§ **MATERIAL FOR THE TASK**
────
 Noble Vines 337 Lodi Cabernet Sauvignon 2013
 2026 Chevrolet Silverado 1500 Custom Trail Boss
────
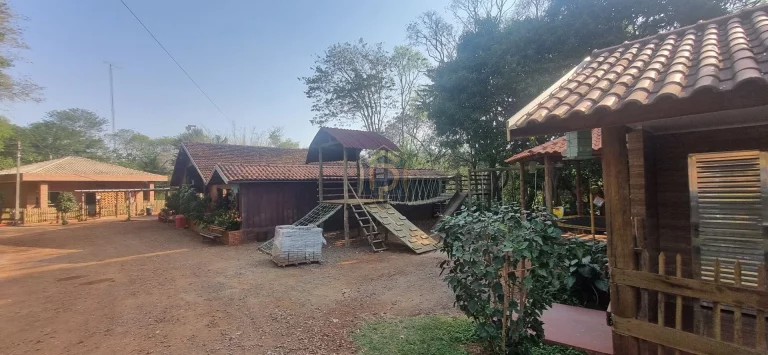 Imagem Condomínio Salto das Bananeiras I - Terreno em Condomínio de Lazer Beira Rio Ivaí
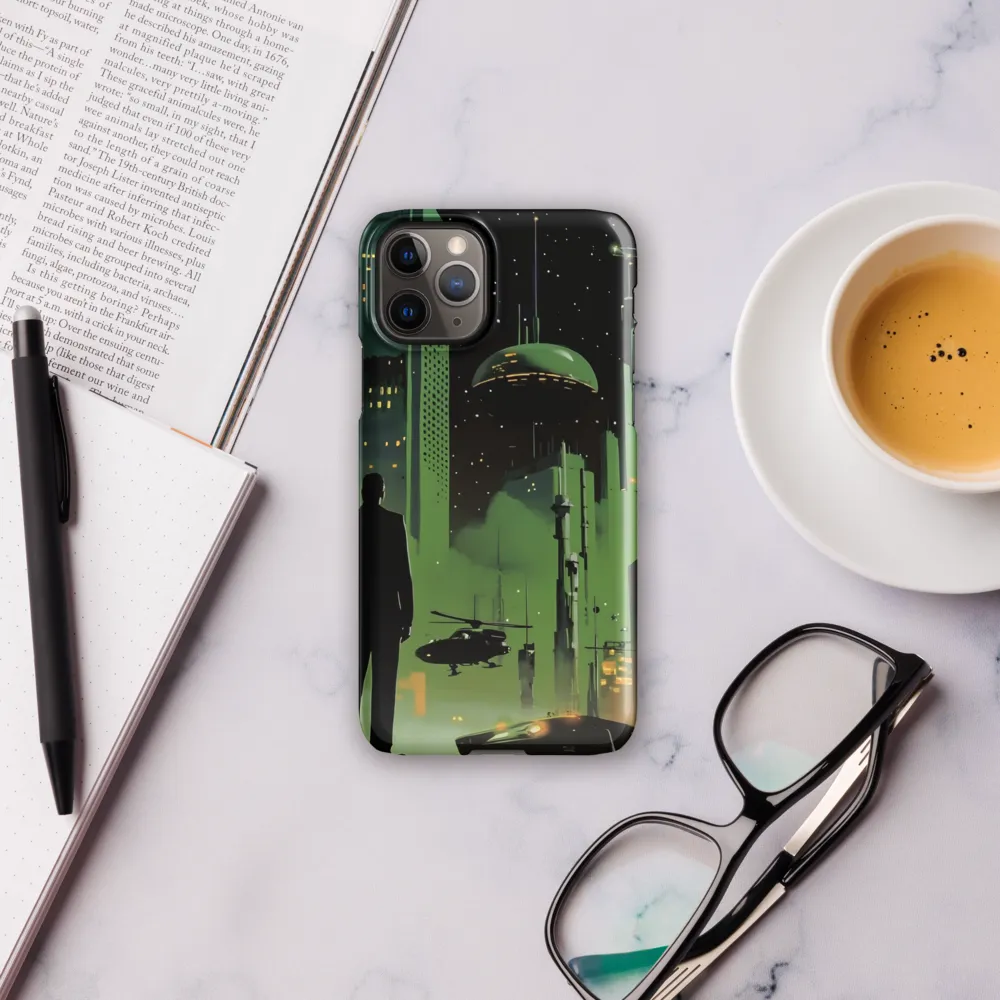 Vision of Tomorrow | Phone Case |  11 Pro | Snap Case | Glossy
────
Copy only this part of the entries above: the line with "Noble Vines 337 Lodi Cabernet Sauvignon 2013", the line with "2026 Chevrolet Silverado", and the lines between, all exactly as written.

§ **TASK RESPONSE**
 Noble Vines 337 Lodi Cabernet Sauvignon 2013
 2026 Chevrolet Silverado 1500 Custom Trail Boss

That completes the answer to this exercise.